Global Precipitation Measurement (GPM) Implementation

The Global Precipitation Measurement (GPM) mission will provide enhanced space-based precipitation measurements with sufficient coverage, spatial resolution, temporal sampling, retrieval accuracy, and microphysical information to advance the understanding of Earth's water and energy cycle and to improve predictions of its climate, weather, and hydrometeorological processes. Such improvements will in turn improve decision support systems in broad societal applications (e. g. water resource management, agriculture, transportation, etc). GPM is a partnership between NASA and the Japan Aerospace Exploration Agency (JAXA), building upon their highly successful partnership on the Tropical Rainfall Measuring Mission (TRMM). The GPM architecture consists of NASA satellites operating in partnership with other earth-observing satellites and instruments to produce global precipitation science data. The current generation of multi-satellite global precipitation products based on microwave/infrared sensors from uncoordinated satellite missions has for its anchor the TRMM precipitation radar and the TRMM Microwave Imager measurements over the tropics and subtropics (+/- 35 degrees latitude), with a mean sampling time of approximately 17 hours. The GPM mission will deploy a spaceborne Core Observatory as a reference standard to unify a space constellation of research and operational microwave sensors aimed at providing uniformly calibrated precipitation measurements globally every 2-4 hours. The Core Observatory measurements will provide, for the first time, quantitative information on precipitation particle size distribution needed for improving the accuracy of precipitation estimates by microwave radiometers and radars.
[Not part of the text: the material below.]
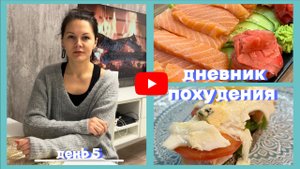 ДНЕВНИК ПОХУДЕНИЯ.ЕДИМ САШИМИ НА ДИЕТЕ.ДЕНЬ 5.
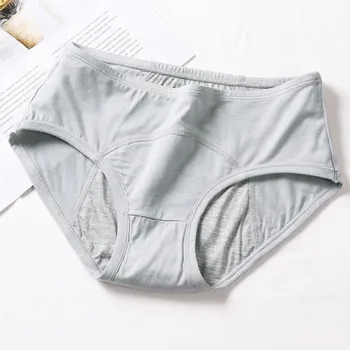 

Women's Cotton Underwear Low Rise Full Briefs Hipster Panties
In addition, the GPM will also include a second microwave radiometer and a Tracking and Data Relay Satellite (TDRS) communications subsystem for near real time data relay for a future partner-provided constellation satellite. This second GPM Microwave Imager (GMI) instrument, flown in a low-inclination orbit, combined with the Core Observatory will provide an improvement over TRMM in both global coverage and sampling rate (+/- 65 degrees, 10 hour mean sampling time). GPM is well into its final design and fabrication (Phase C) with planned launches in 2013 and 2014.